Kimble, who graduated in 2020 with a Bachelor of Arts in linguistics and another in American Sign Language linguistics and deaf cultures, said she entered the program with some assumptions about translation, but was surprised by what she learned. 

“I learned translation is a lot more complicated than people think. Translators have to think about the translation’s purpose, the audience and the connection between the languages being translated,” Kimble said. “There are super fancy translations and then there are direct word-for-word translations, but what’s considered ‘good’ is very subjective.” 

The new degree programs aim to prepare students for jobs in the language services industry, including the global entertainment field, literary translation, community interpreting and localization, which ensures products and content are adapted to the linguistic and cultural needs of target markets, among others. 

 

Currently, students can receive a minor in translation studies within the Clorinda Donato Center for Global Romance Languages and Translation Studies, part of the College of Liberal Arts. Starting in Fall 2021, students will also have the option to pursue a B.A. in linguistics with an option in translation studies, thanks to cooperation between Drs. Nancy Hall and Michael Ahland in the Department of Linguistics and Dr. Clorinda Donato, professor of French and Italian and director of the center that bears her name. Plans are in the works to grow the program further, with professional opportunities in all aspects of the field, according to Donato.

 

“We plan on expanding the program by adding more courses and creating an internship program, so students can gain experience and have training within a structure where they’re expected to do this kind of work,” she said. 
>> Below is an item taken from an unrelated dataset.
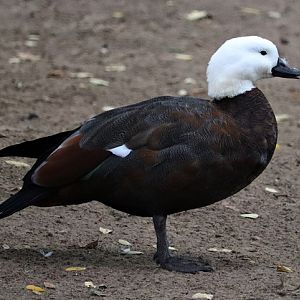 Paradise shelduck (Tadorna variegata), female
The professors building the program believe CSULB is the first public university in California to offer a translation degree program that reaches across languages, cultures and disciplines. Two new faculty members will join the program this fall — Giulia Togato and Adrià Martin Mor — and they will bring a new level of expertise and innovation to the program, which includes a significant technology component, Donato said. 

Donato knew translation studies was a good fit for The Beach because of the linguistic diversity of its student body, the number of languages taught, and the prospect of partnering with the Linguistics Department, which regularly receives inquiries from students about how to enter the field of translation. Plus, the demand for interpreters and translators in California is expected to grow 20.45% from 2016-2026, according to the Employment Development Department of the State of California. 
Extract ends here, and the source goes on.